Aclimate-se ou sofra as consequências

Como todos já sabem, é o que faz a diferença, testei, comprovei, e quase não voltei e junto tinha um amigo.

Junho de 2003 saímos de São Paulo direto a La Paz, Huayna Potosi foi a montanha escolhida.
Chegamos em La Paz à tarde, no mesmo dia fizemos os preparativos e no dia seguinte as 16 hs ja estávamos a 5.200m no campo roca.

Para explicar melhor, saímos de Santa Cruz que esta a 400 metros do nível do mar e fomos para La Paz a 3.600m, no dia seguinte estávamos a 5.200 metros no Campo Roca.
Adivinha o que aconteceu? 

Muito mal estar, tontura, enjôo, falta de ar, tosse, dor de cabeça, ou melhor, prestes a ter um edema.

À 1 hora da manhã hora prevista para sair, César não pode sair da barraca para escalar e eu não sabia, se ia ou não ia, entre uma vontade de vomitar e outra resolvi ir, escalei como uma tartaruga atordoada, cheguei até 5.700m depois de algumas poucas horas.

Eu e meu parceiro de cordada Juan, um chileno que estava vivendo em La Paz a 3 meses.
Falei para ele que era melhor eu voltar, tinha força (ou achava que tinha) para chegar ao cume, mas não teria forças para voltar de lá, ficamos um pouco parado na primeira Pala, (primeira passagem técnica) sentado num pequeno plato de gelo de costas para uma grande greta de uma coloração de azul incrível, falei se ele quisesse seguir sem mim para seguir que eu voltaria dali.


E assim foi, eram às 5:00 am, fiquei no meio da primeira Pala, uma parede de mais ou menos 50º de inclinação, pensando se descia ou esperava começar a clarear.
Resolvi começar a descer, mas eu estava muito atordoado, tinha muito sono e por esse tempo que fiquei parado ali, minhas forças se esvaíram e não tinha quase mais forças para nada.
Quando ia começar a descer meu head lamp apagou, tinha que trocar de pilhas, tirei minhas luvas, mas até pegar as pilha e abrir o compartimento para colocar-las já não sentia meus dedos e não sentia os pólos da pilha na escuridão daquela noite sem luar.


Não conseguia colocar-las certo pois não via praticamente nada. Depois de minutos tentando e meu raciocínio muito lento, lembrei de pegar a máquina fotográfica, antes de bater a foto, à câmera acende uma luz que é para focar, usei esta luz para acertar a posição das pilhas, assim pude começar a descer.

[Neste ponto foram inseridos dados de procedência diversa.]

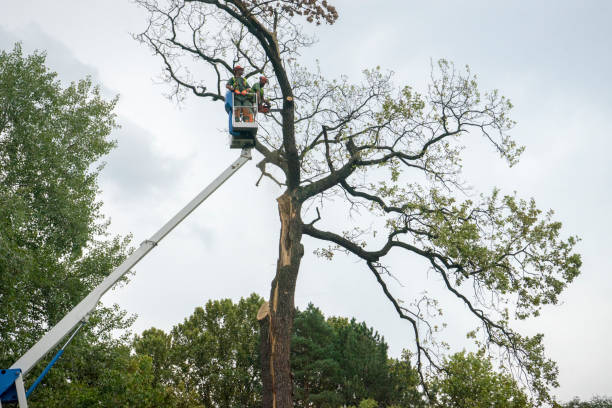 Best Tree Trimming and Pruning  in Keyport, NJ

Resumindo, no meio da descida que tinha de desnível 500 metros verticais até o campo alto, dormi e acordei diversas vezes, parava, me jogava no chão e dormia por algum tempo, nas decidas de paredes mais íngremes enfiava os piolets com o resto da força que me sobrava e dormia e sempre dispertava com uma voz dizendo: Tem que descer, levanta, tem que descer....

Então amanheceu, e comecei a ver o acampamento, estava a uns 300 metros de distancia de mim, mais pareciam 3 km, já não podia quase andar, dava 5 passos de meio pé de distância e sentava, torcendo para alguém do acampamento sair da barraca e me ver, assim poderia me ajudar.

Onde se podia escorregar eu tentava escorregar de bunda, às vezes pegava um pouco de velocidade, então freava com um dos piolets, e ficava com o braço esticado e todo corpo sem ter força para me puxar e retirar a piqueta.

E assim cheguei no acampamento, larguei todo equipo na porta da barraca, acho que não tirei nem as botas, isso já era mais ou menos 7:30 am. lembro do meu amigo perguntado: "Chegou"? e eu mal respondi que não.

Sempre escutava sobre o Soroche, o mal da montanha, mas nunca tinha sentido alem de uma leve dor de cabeça e queria ter e sentir uma experiência desta, para ver realmente como era. Assim entenderia melhor e poderia montar um bom plano de aclimatação, queria ver por mim mesmo, já tinha lido e escutado de como seria e sabia que talvez tivesse problemas, mas sentir na pele é outra coisa.

Lá percebi que quando se morre na montanha por cansaço, não deve ser ruim, deve ser sem dor, é um estado que em 10 segundo você esta dormindo e sonhando, e de repente você acorda e escuta, tem que descer, tem que descer e ao mesmo tempo uma outra voz fala, descansa mais um pouco e quando vai ver, esta acordando outra vez, é muito insano.

Como experiência valeu, mas nunca mais quero passar por isso.

Em uma das muitas paradas para descansar, logo após o amanhecer, chegando no acampamento alto.